Mia Couto - Bem, se eu fosse preso ou se prendesse a mim próprio seria um pouco o percurso inverso do Luandino. Eu quase que só me vejo criando nesse caos, nessa dispersão. Às vezes que eu tentei dizer assim "vou parar e vou me fechar para escrever", não aconteceu nada. Então penso que essa maneira de fragmentar o meu olhar pelas coisas diversas que faço acaba por ser essencial, como se fosse uma resposta, e que, quando chega a noite, eu tenho que pôr uma certa ordem naquele caos e essa ordem é a minha escrita, não vejo outra maneira. E, por outro lado, tenho medo de parar para escrever porque até tenho medo de que isso seja uma espécie de envelheci­ mento, para não dizer morte, eu tenho esse medo.

RC & TM - Mia Couto, como é que você pensa a relação entre jornalismo e literatura?

Mia Couto - Eu uso o jornalismo, digo "eu uso o jornalismo" e não diria que uso a literatura, mas uso o jornalismo como uma disciplina, como um instrumento de intervenção e quando eu pretendo fazer uma intervenção que seja de ordem ética, política etc. penso que essa é a forma mais imediata, mais eficaz de fazer uma intervenção num momento. Quando eu faço literatura, não é que esteja num terreno diferente, quer dizer, eu tenho as mesmas posturas políticas, morais, etc., mas penso que seria abusivo fazer com que isso surgis­ se em primeiro plano e eu tomasse evidente que estou simplesmente inventando uma história para fazer valer uma ideia ou um ponto de vista político ou moral. Eu devo fazer exatamente o oposto, saber contar história, saber encantar, saber ter uma relação de fascínio com os outros e simplesmente essa relação de fascínio ter um poder sedutor tal, que possa mover as pessoas para pensarem de uma maneira mais produtiva, mais interventiva.

RC & TM - Você define a biologia como uma indisciplina, o jornalismo é, hoje, um compromisso do cidadão. E para a literatura, você já encontrou alguma definição?

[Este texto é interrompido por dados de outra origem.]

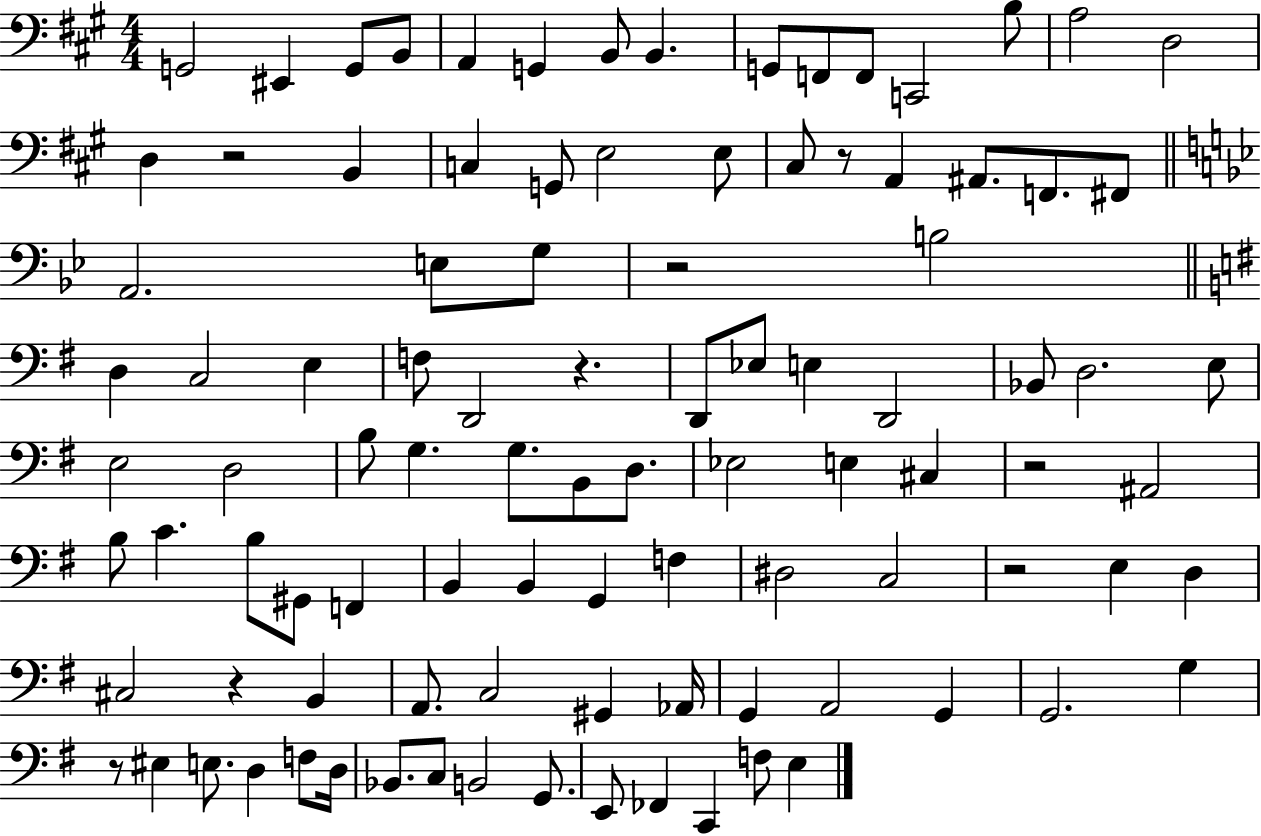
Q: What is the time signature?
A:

Mia Couto - Eu quase que tenho medo de me definir em relação à literatura. É como se fosse uma espécie de paixão primeira, é como se tivesse ali uma entidade que, se eu me declaro e se declaro como meu primeiro grande amor, me leva por uma estrada errada, eu não sou mais eu. Acho que estou fazendo um jogo de mentira ao mesmo tempo em que digo que a literatura está lá e eu a visito nos intervalos. Não acho que isso seja verdade, só que não lhe quero dar essa confiança. Tenho um certo medo de me entregar só a isso. Também há razões práticas. Eu não me vejo muito feliz se não trabalhar com pessoas, se não repartir meu cotidiano com uma equipe, com gente que me aborrece inteiramente durante o dia, mas que depois me dá um grande prazer ver uma coisa feita em grupo, em coletivo. E a escrita não é exatamente isso, eu tenho que me isolar, não posso escrever em grupo, se calhar eu posso... já pensei nisso.. mas acho que não resulta muito.

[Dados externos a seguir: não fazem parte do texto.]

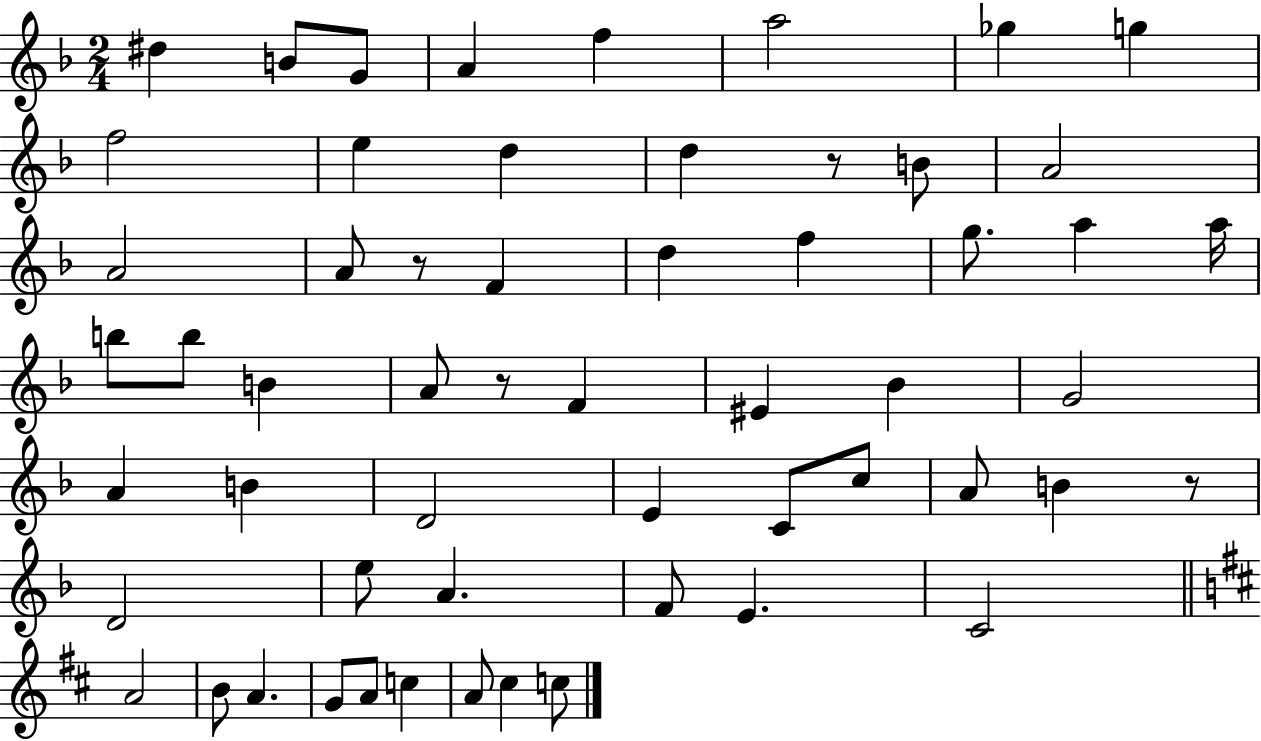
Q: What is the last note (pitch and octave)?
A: C5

RC & TM - Você disse há pouco que não dá muita confiança à literatura. E a nós, você dá? Aos professores de literatura e aos críticos? Você lê (se a resposta for negativa, nós ficamos mais serenas) aquilo que se escreve sobre você? Procura acompanhar? Enfim, repercute de algum modo?

Mia Couto - Sim, leio e aprendo com isso. Há relações que são relações, como no caso de vocês duas, com pessoas com quem tenho amizade e profunda admiração. Quanto ao trabalho acadêmico, que é feito sobre a minha obra, não é que eu tenha uma relação má com esse texto crítico, não. Eu tenho uma relação má com a minha própria obra, vocês viram que eu tenho uma reticência a dizer "minha obra", tive que ganhar fôlego, porque não vejo a coisa assim. Vejo que estou fazendo textos que são tentativas para chegar a alguma coisa. Agora, mesmo quando são críticas duras e que me poderiam afetar negativamente, eu acho logo que têm razão e procuro sempre pensar que existe· uma tentativa de diálogo construtivo com aquilo que faço. O que peço do texto crítico é que ele também seja criativo e que tenha, no terreno do texto acadêmico, da ciência literária, da ciência que acompanha a literatura, a mesma criatividade que eu tentei colocar no texto, de maneira que haja um diálogo que não passe somente pelo saber e pelas questões técnicas.

RC & TM - Ruy Duarte Carvalho, num seminário recentemente realizado na USP, afirmou que o escritor e o antropólogo, para evitar o risco de se limitar a uma autópsia da realidade, precisam inventar em cima dessa realidade. De certo modo, nós, os estudiosos, ao evitar a autópsia, inventamos coisas a seu respeito. Você acha que, de um modo geral, a crítica literária, seja no Brasil, seja nos países africanos, seja em Portugal, tem conseguido se aproximar do seu trabalho sem fazer autópsia simplesmente?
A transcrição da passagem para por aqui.